Data for processing -
────────────────────

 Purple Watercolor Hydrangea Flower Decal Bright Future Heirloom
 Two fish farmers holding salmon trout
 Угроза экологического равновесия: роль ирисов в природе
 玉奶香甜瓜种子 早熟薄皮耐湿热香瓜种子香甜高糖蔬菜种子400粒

────────────────────

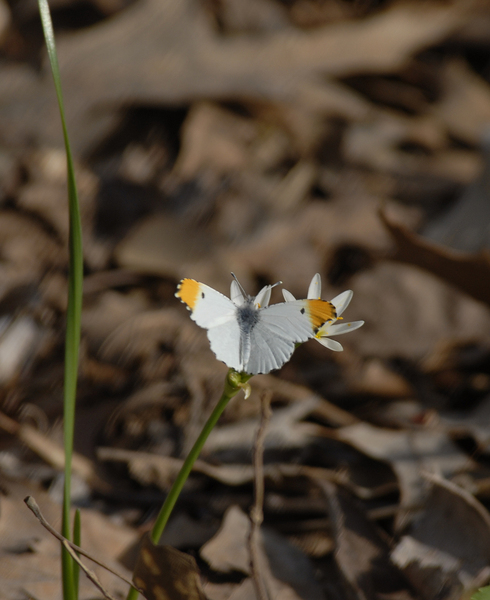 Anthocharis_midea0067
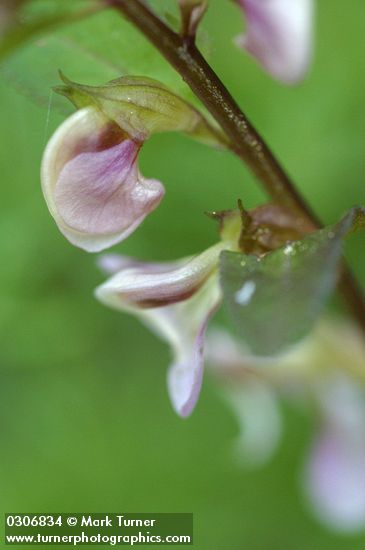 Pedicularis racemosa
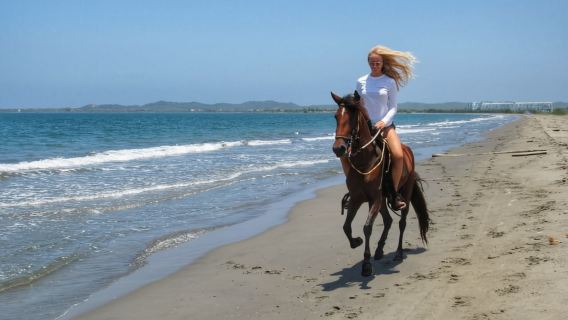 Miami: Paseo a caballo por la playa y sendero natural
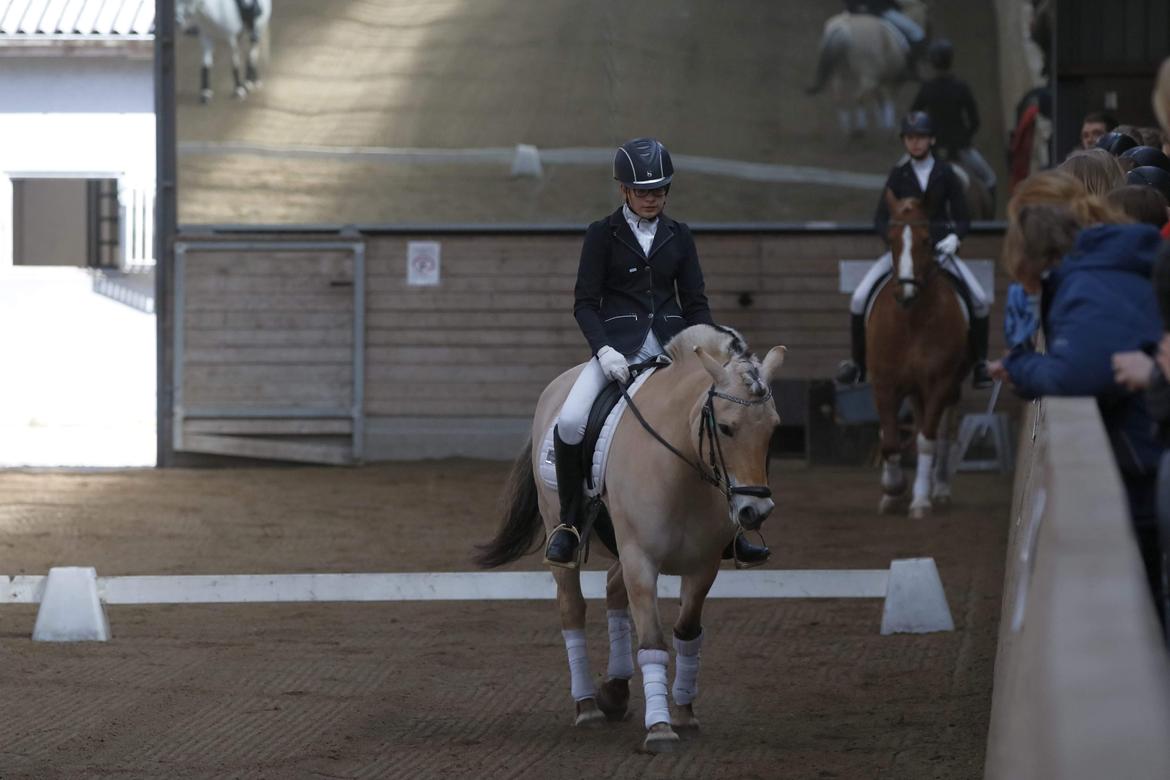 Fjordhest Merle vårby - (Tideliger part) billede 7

────────────────────

Problem to solve -
Where the listing above has a line with "Purple Watercolor Hydrangea", start there, and output every line exactly through the line with "玉奶香甜瓜种子 早熟薄皮耐湿热香瓜种子香甜高糖蔬菜种子400粒", which is also included.

Result -
 Purple Watercolor Hydrangea Flower Decal Bright Future Heirloom
 Two fish farmers holding salmon trout
 Угроза экологического равновесия: роль ирисов в природе
 玉奶香甜瓜种子 早熟薄皮耐湿热香瓜种子香甜高糖蔬菜种子400粒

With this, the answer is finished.